限りがあることに気が付くだけで、今の幸せを感じられる気がする

平野真理子写真

――まず子育て中、楽しかったことや嬉しかったことといえば、どんなことを思い出しますか?

うーん、難しいですね。色々ありすぎてひとつに絞り切れません(笑)しいて言えば子どもといる時間そのものが楽しいです。今は美宇が東京に出てしまったので、うちにいる子どもは中学生の娘2人なんですが、子どもと一緒に過ごす日々の何気ない時間が楽しくて、まだまだ楽しさ進行中というか(笑)
子どもというのは、いつかは親から離れてそれぞれの世界を作っていくので、一緒にいられる時間は限られているから、今は一緒にいる時間を楽しみたいという気持ちが強いですね。

美宇ちゃんが家を出たことでその辺を意識されるようになったんですか?

ええ、そうですね。美宇の場合は小学校卒業したら出ていくんだろうなと、小学校1,2年で意識して覚悟しはじめました。でも、今年の春から県内の高校へ行く次女はあと3年、三女もあと5年くらいで家を出ていくかもしれないと考えていくと、一緒にいられる時間は残りわずかということになります。限りがあるということは覚悟しているので、それまで一緒にいられる時間は、毎日楽しみたいですね。だから今は日常のたわいもないささやかな幸せを毎日すごくかみしめてます。

きっとそう思うだけで、生活が変わってきますよね

変わってくると思う。子どもが小さい頃は、限りがあるとは思えないんだよね。例えば、20歳くらいで離れるとしたら、生まれてから20年間しか一緒にはいられない。けれど、大体の人はそのあとの人生のほうが長いでしょ?そう考えると、親子って一緒にいられる時間は限りがあるんだってことを自覚するんです。ゴールがあるってことに気が付くだけで親は子どもに対してのとらえ方が変わるから、今の幸せをもっと感じられる気がする。

日常が当たり前になっていますよね

限りがあるってことに気づかせてあげると、お互い幸せになれると思う。我が家では毎年の家族旅行が恒例なんですけど、最近の旅行で陶芸やガラス工芸をして、自分たちでお茶碗やコップを作ったんです。家族旅行の思い出がいつも食卓に並んでいて。それを見るたびに、あと何回こういう思い出ができるかなって思うんですよね。

親はあと何回って、そう思いますよね

日々の生活が大事ってことを思い出させてくれるのが、家族旅行で作ったお茶碗やコップ。それを見るたびに、家族が一緒にいられることに限りがあるっていうことを思い出させてくれる。夫が行けなかった旅行の時は美宇が作ったのですが、縁が欠けてきちゃっているんだけど、大事に使い続けているんですよ。

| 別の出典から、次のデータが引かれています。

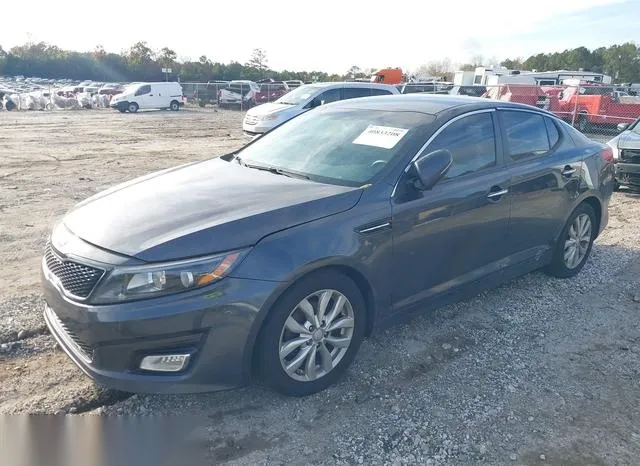 5XXGM4A70FG430110 2015 2015 KIA Optima- LX 2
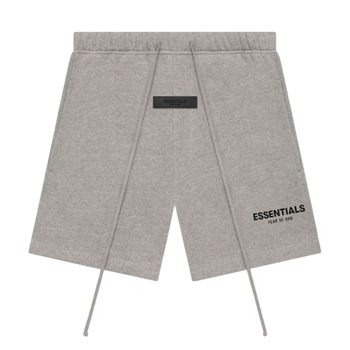 Fear Of God Essentials Dark Oatmeal Shorts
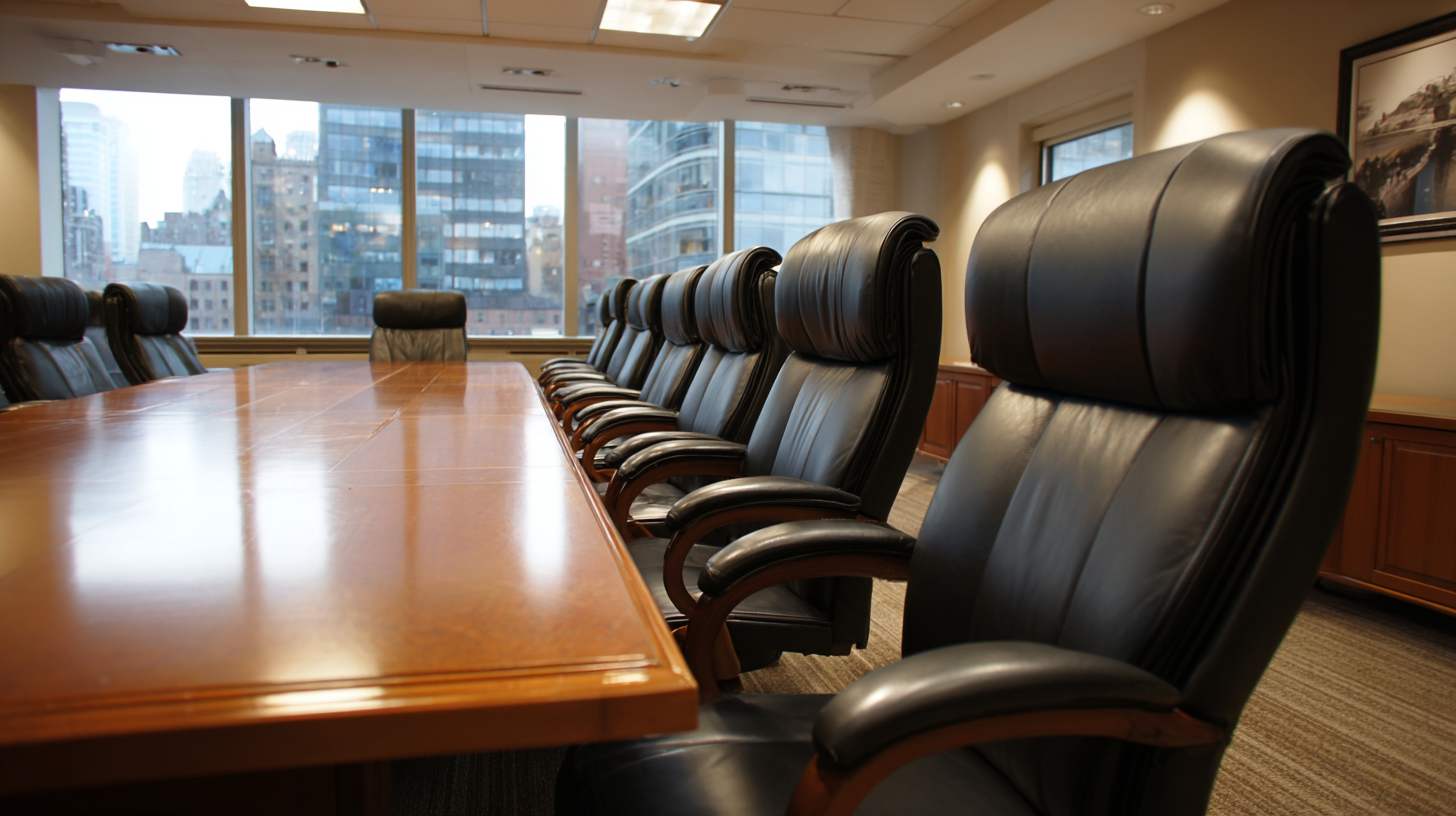 Ultimate Guide to Choosing the Best Leather Boardroom Chairs for Your Office Needs
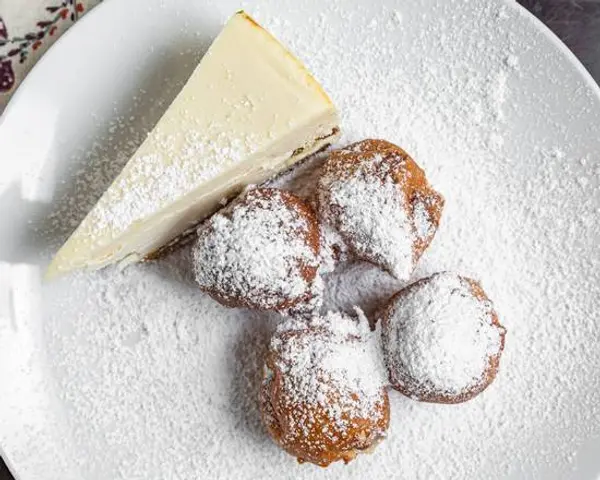 seniores-pizza - Deep-Fried Cheesecake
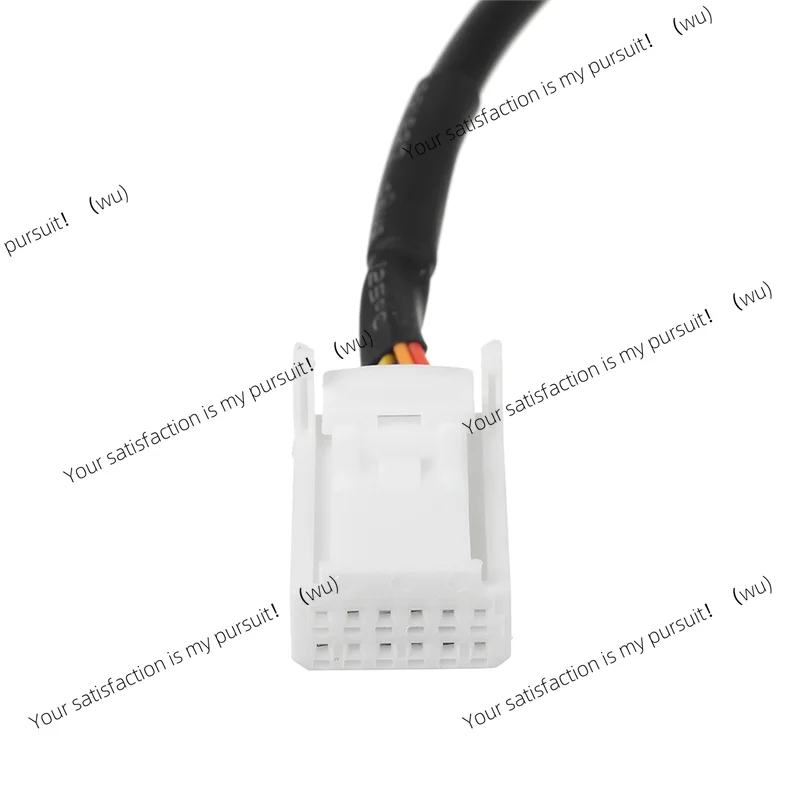 Car radio audio adapter, Bluetooth auxiliary cable, hands-free music interface, suitable for Toyota Camry Corolla RAV4 CD case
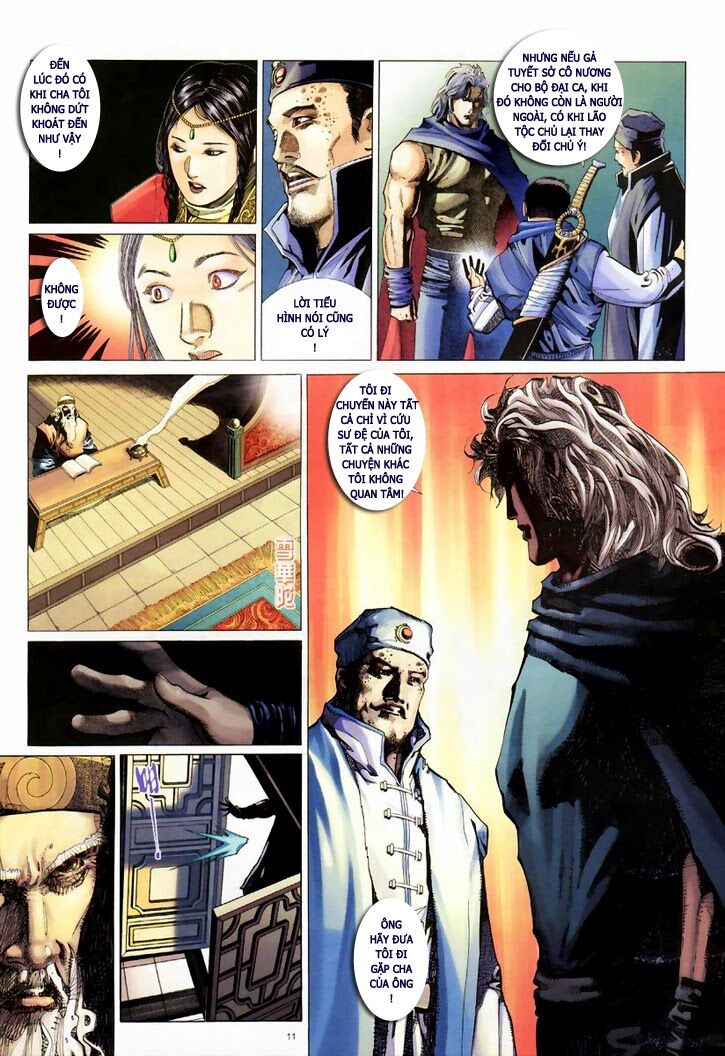 Phong Vân: Chapter 312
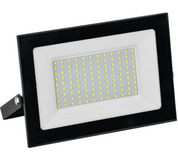 Прожектор LED СДО 001-100 6500К, IP65, черный, GENERICA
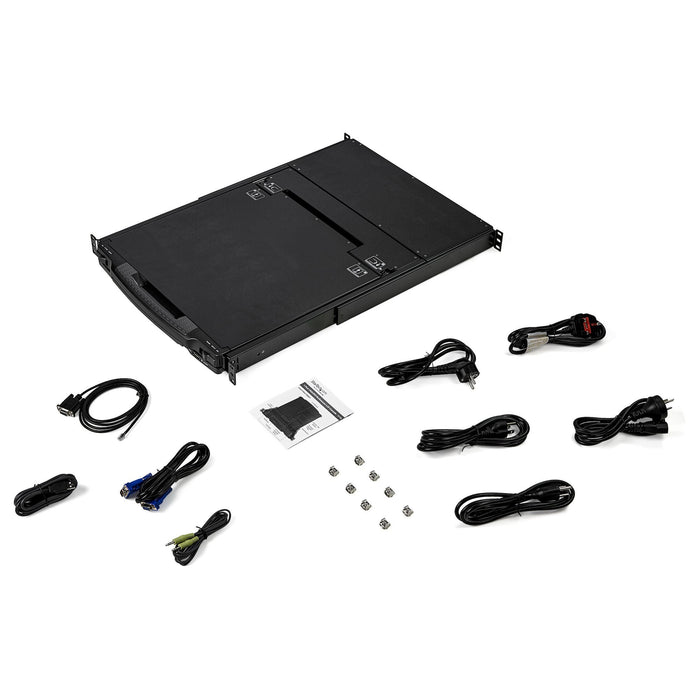 EAN 0065030872515 - StarTech.com RKCOND17HD consola de rack 43,9 cm (17.3") 1920 x 1080 Pixeles Acero Negro imagen 5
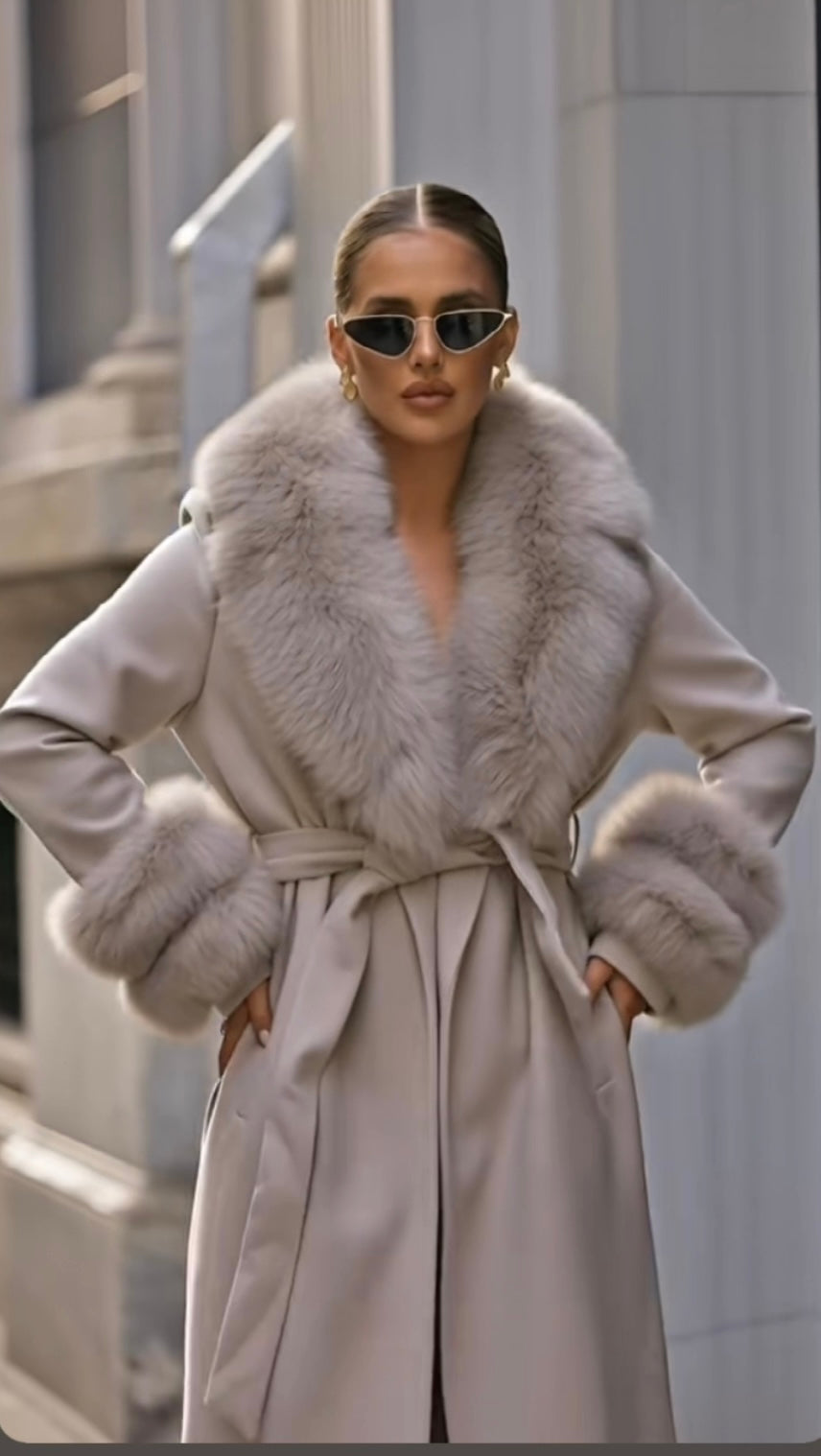 Cappotto LanaFur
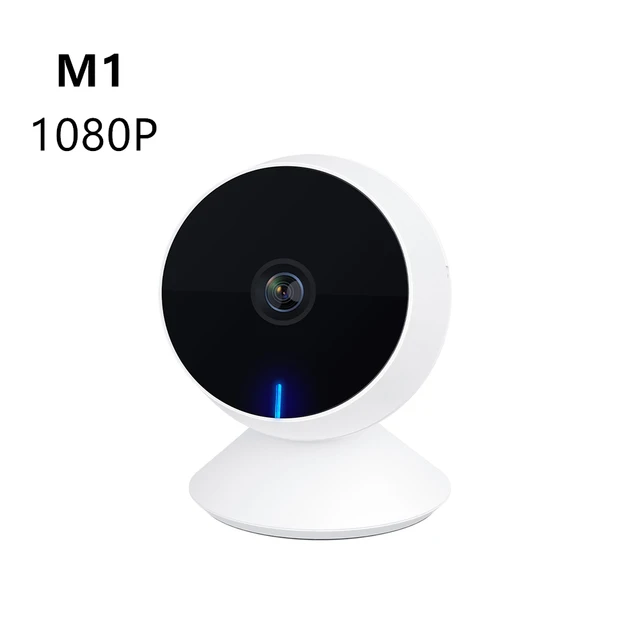 Laxihub IP Camera Indoor Wi-Fi Surveillance Camera Baby Monitor 720P 1080P 2K Mini Cam Home Security Webcam Motion Detection 1 x 1080P NO SD Card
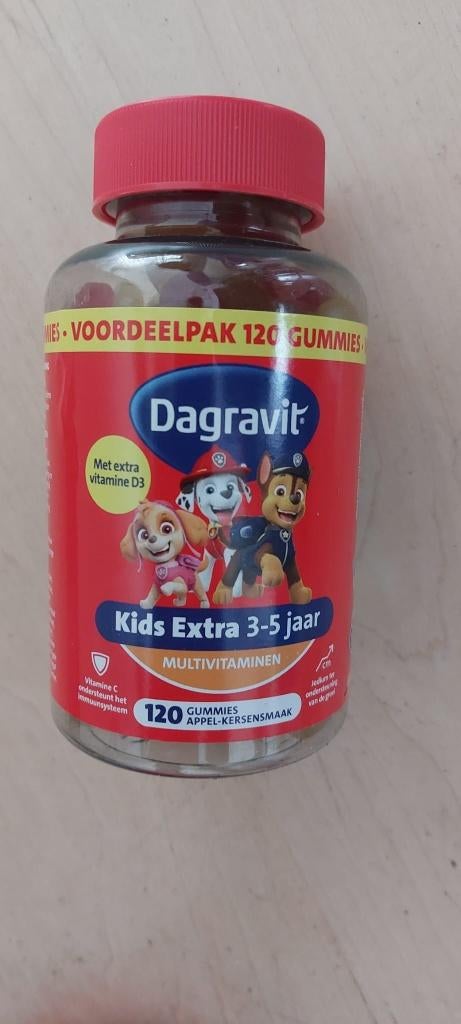 Dagravit Kids Extra vitaminepillen, Ophalen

気持ちの面で孤独を感じた時がきっと苦しいときだと思うんです

毎年恒例の家族旅行での一枚

――子育てしている中で大変だったことは?

みんな、それぞれ全く違うタイプの子で、本当にそれぞれがはじめての子どもみたいに三者三様でした。そういう意味では、それぞれ悩みや大変さはあったけど、子ども自身のことではなくて・・・。夫も仕事が忙しくて話をする時間もなくて、その時間もないからコミュニケーションがとれなくて意見の食い違いがうまれても、その溝がうまらないし、深まる一方。それが一番大変だった。

―子どものということではなく夫婦ということですね

子どもの悩みは多かれ少なかれ誰にでもあるし、悩みはあれど、それを苦だとかつらいとか苦しいとか思ったことはないですね。それぞれ個性があって当たり前で、その個性に向き合うためにいろいろ考えたり悩んだり親がするのは当たり前だと思っているから。そこを辛いとか大変と思ったことはない。忙しくて物理的に大変だということはあっても、子どものことで苦しいとかつらいとか思ったことではなく、そういう悩みを夫と話す時間がなかなかとれなかったことが一番大変でした。多分母親は、気持ちの面で孤独を感じた時がきっと苦しい時だと思うんです。

―そんなとき、パートナーからほんの一言があると違いますよね

そうそう!ほんの一言だけで100の苦しみが1の優しさで救われるのに、その1の優しさも感じない時、普段の大変さがのしかかってきて心も身体も辛くなるし苦しくなるよね。お父さんがお母さんの気持ちを楽にさせる一言を言ってくれたり、やってくれたり努力を本当にちょっと見せてくれたり、その行動や言葉が1あるだけで、お母さんはなんでもがんばれちゃうよね!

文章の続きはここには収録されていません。